■ Assigned task:
Restate exactly the lines that run from the start of the records below to the line containing "Tiga Paud dan Satu Aula UPTD diresmikan", counting both ends, and nothing else; pictures stay out.

■ Entries supplied:
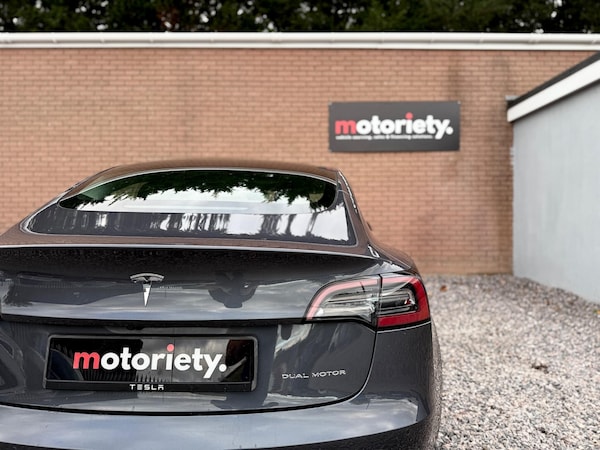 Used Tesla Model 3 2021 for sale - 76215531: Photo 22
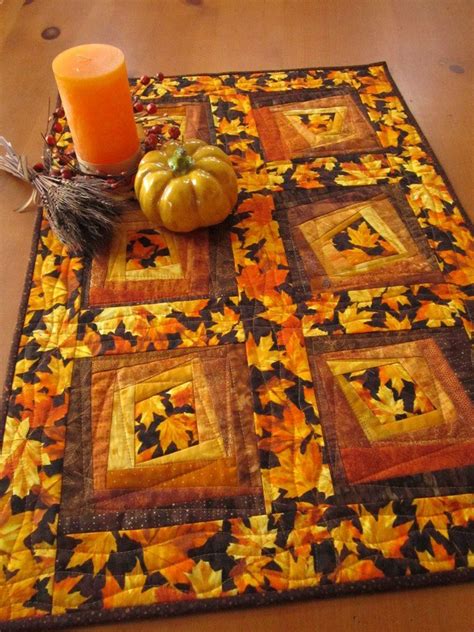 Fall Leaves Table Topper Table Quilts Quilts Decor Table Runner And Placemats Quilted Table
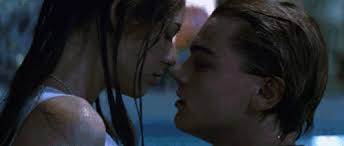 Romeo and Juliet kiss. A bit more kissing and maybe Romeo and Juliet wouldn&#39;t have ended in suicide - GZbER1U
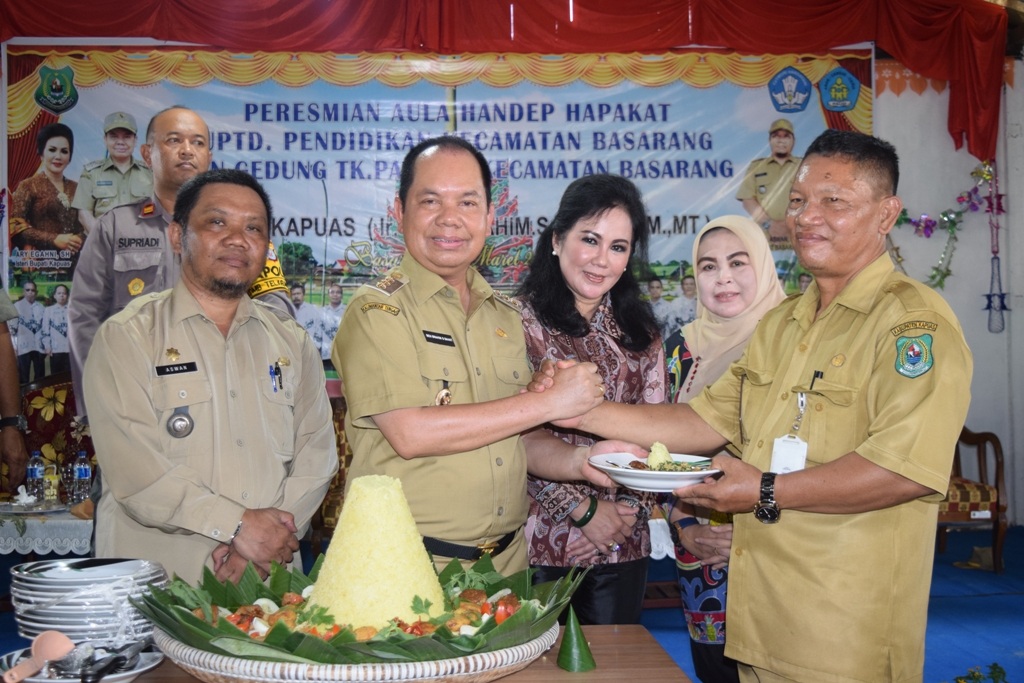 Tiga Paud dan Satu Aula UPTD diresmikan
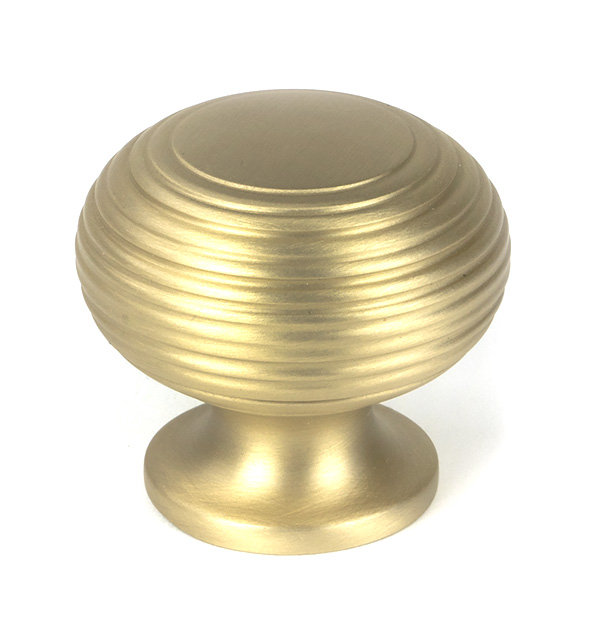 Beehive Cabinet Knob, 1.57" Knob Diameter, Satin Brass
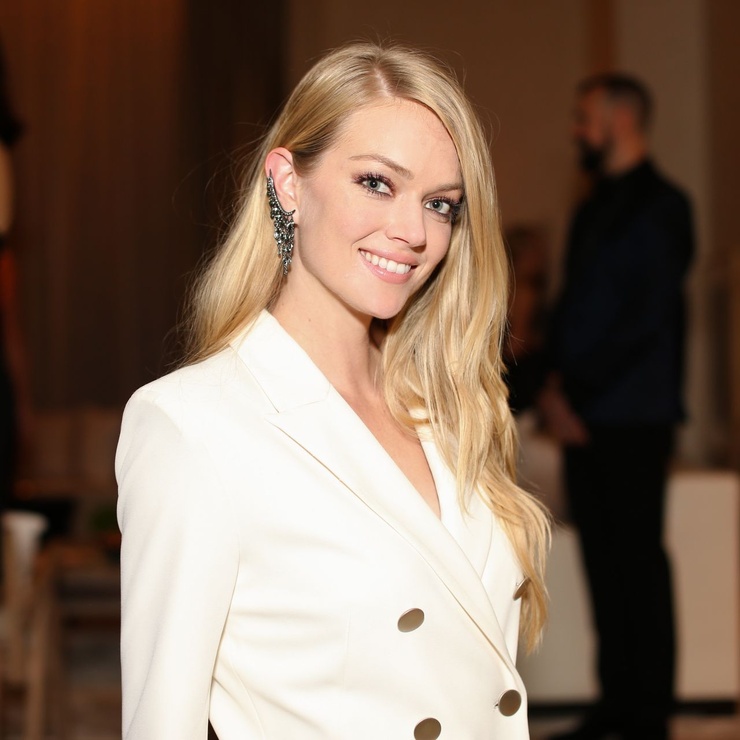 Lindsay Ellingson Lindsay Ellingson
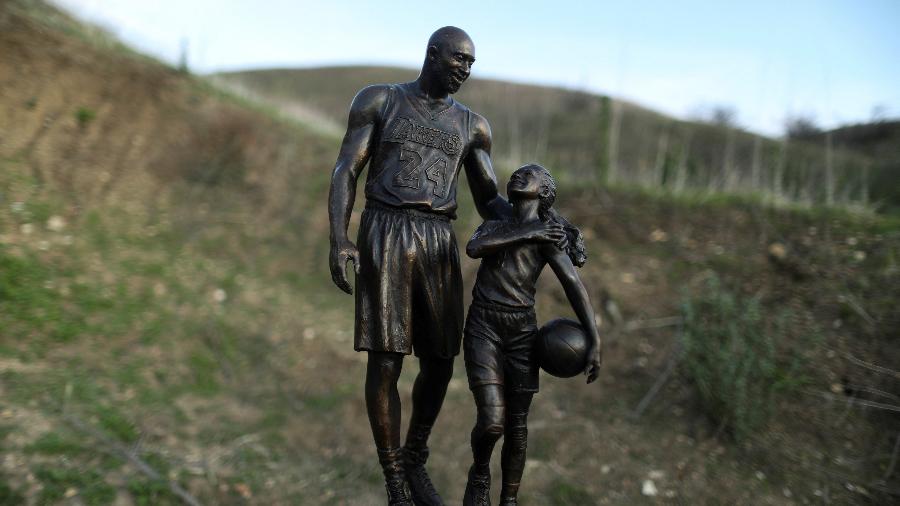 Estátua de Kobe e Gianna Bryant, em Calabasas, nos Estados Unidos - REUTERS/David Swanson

■ Worked solution:
 Used Tesla Model 3 2021 for sale - 76215531: Photo 22
 Fall Leaves Table Topper Table Quilts Quilts Decor Table Runner And Placemats Quilted Table
 Romeo and Juliet kiss. A bit more kissing and maybe Romeo and Juliet wouldn&#39;t have ended in suicide - GZbER1U
 Tiga Paud dan Satu Aula UPTD diresmikan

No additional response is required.